Para aproximar turistas e comunitários em diálogos in loco, o Coletivo Muda — associação de empresas que buscam um turismo mais responsável e da qual fazemos parte, como Raízes Desenvolvimento Sustentável — criou uma ação-visita em duas ilhas de Belém. A ideia é conectar pontas para gerar reflexões potentes e situadas em territórios onde o turismo já acontece como forma de resistência, com lideranças que buscam ativamente aliar geração de renda, tradição e conservação.
As discussões que surgirão sobre financiamento climático, adaptação e mitigação não podem deixar de lado a capacidade transformadora do turismo quando orientado por princípios regenerativos. Regenerar, na perspectiva de Humberto Maturana, é escolher o que devemos sustentar e o que precisa morrer. Para além das urgentes e fundamentais discussões sobre descarbonização — sobretudo considerando os impactos do transporte aéreo —, é preciso, no contexto de uma COP na Amazônia, debater como o setor do turismo pode ajudar comunidades a permanecer em seus territórios, gerando renda de forma sustentável, valorizando culturas locais e reforçando a conservação.
É verdade que os preparativos ainda enfrentam percalços logísticos, sobretudo em relação à hospedagem — tema sobre o qual falamos diversas vezes este ano. O cronograma das programações oficiais avança com atraso, em parte por questões de infraestrutura que o próprio evento escancara — afinal, sediar uma COP na Amazônia é um desafio que revela a desigualdade de acesso e de investimento em regiões periféricas do sistema global.
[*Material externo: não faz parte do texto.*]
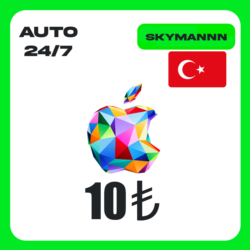 Apple iTunes 10 TL ТУРЦИЯ ПОДАРОЧНАЯ КАРТА AUTO 24/7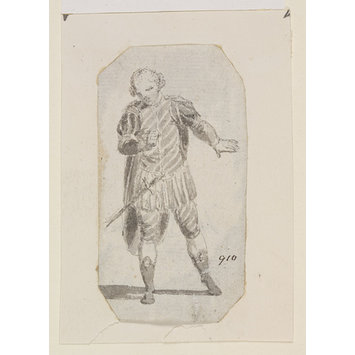 Drawing - Mr. Garrick in the character of Periander, in Eurydice Drawing - Mr. Garrick in the character of Periander, in Eurydice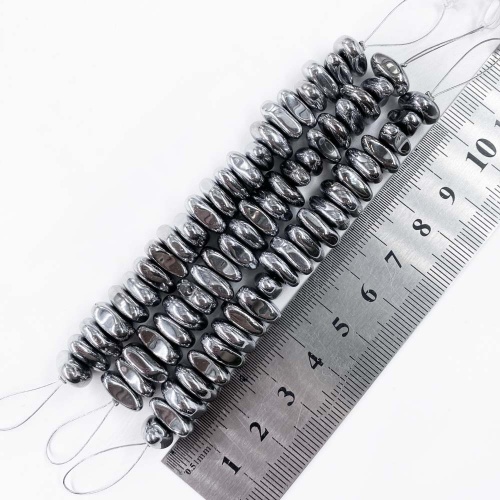 Нить бусин из геметина 9х11 мм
Ainda assim, há sinais de esperança. O Ministério do Turismo, a ONU Turismo e outras entidades vêm confirmando suas programações, e é nas zonas paralelas — a Green Zone, a Yellow Zone e os side events — que se desenham os espaços mais férteis para inovação e experimentação. São essas vozes que lembram que o turismo não se faz apenas em gabinetes ou conferências, mas no chão da floresta, nas comunidades ribeirinhas, nas feiras, nas cozinhas, nas ruas e nas trilhas que conectam pessoas e ecossistemas.

Foto: Embratur
Ao olhar para a COP30 com o coração voltado à Amazônia, o que está em jogo é mais do que o futuro de um setor econômico. É o convite a repensar o turismo como parte da solução climática — um turismo que, em vez de explorar, regenera; em vez de consumir, compartilha; em vez de apagar, revela. Um turismo em que a natureza não é pano de fundo, mas protagonista. Um turismo que nasce das bases, floresce nas margens e, ao final, devolve à terra mais do que retira dela.
Esse é o turismo que Belém pode mostrar ao mundo. E talvez — só talvez — seja essa a revolução silenciosa de que precisávamos: a de um turismo com alma, enraizado na floresta e guiado por um novo olhar sobre o que significa viajar em tempos de emergência climática.